Is there a way to relate the $1/e^2$ width of a Gaussian to the standard deviation $\sigma$?

Question

I am trying to create a 3D Gaussian fit so that the fit has the same 1/e^2 diameter as the original data.

The fit parameters need to specify a standard deviation $\sigma$. Is there a way to relate $\sigma$ to the $1/e^2$ diameter?

Thanks

Answer 1

I think I found a way to do it, please let me know if this is correct.

The intensity of a Gaussian beam (laser beam in this case) is modeled by:

$I=I_0e^{-2r^2/w^2}$ where $w$ is the beam RADIUS.
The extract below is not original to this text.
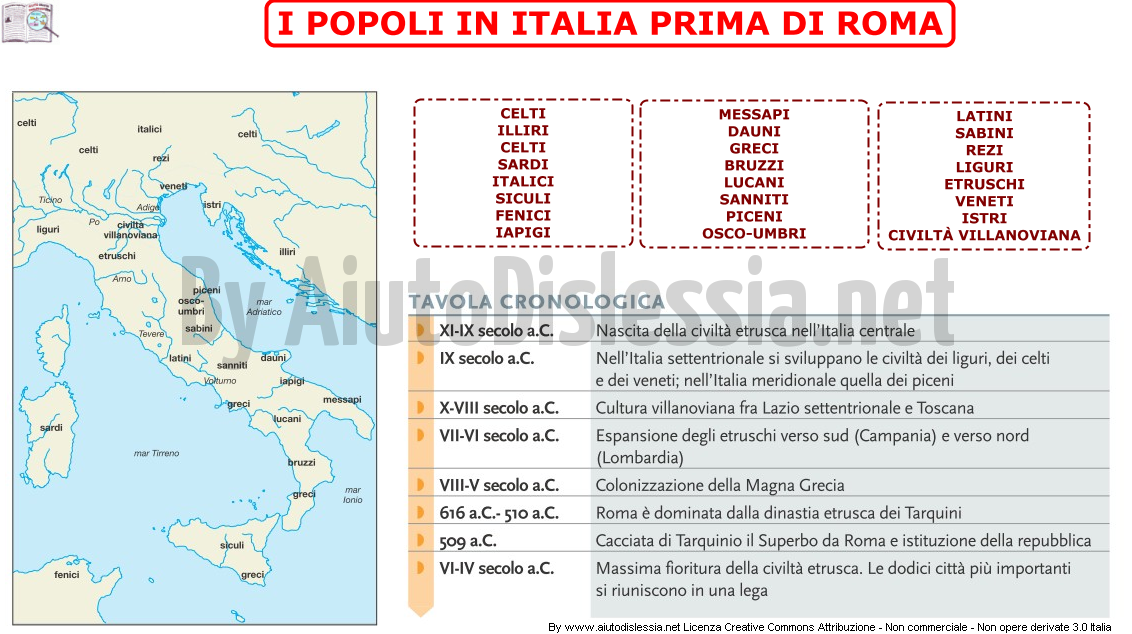 01. I POPOLI IN ITALIA PRIMA DI ROMA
I found on wikipedia that $FWHM=2\sqrt{2\ln(2)}$ where $FWHM$ is the width at half the max intensity value. So let $r=FWHM/2$

$0.5=e^{-2(FWHM/2)^2/w^2}$

$-2\ln(1/2)=FWHM^2/w^2$

$w=FWHM*\sqrt{2\ln(2)}$

Plug in FWHM

$w=\sigma * 2\sqrt{2\ln(2)}/\sqrt{2\ln(2)}=2\sigma$

So the beam diameter $2w=4\sigma=D$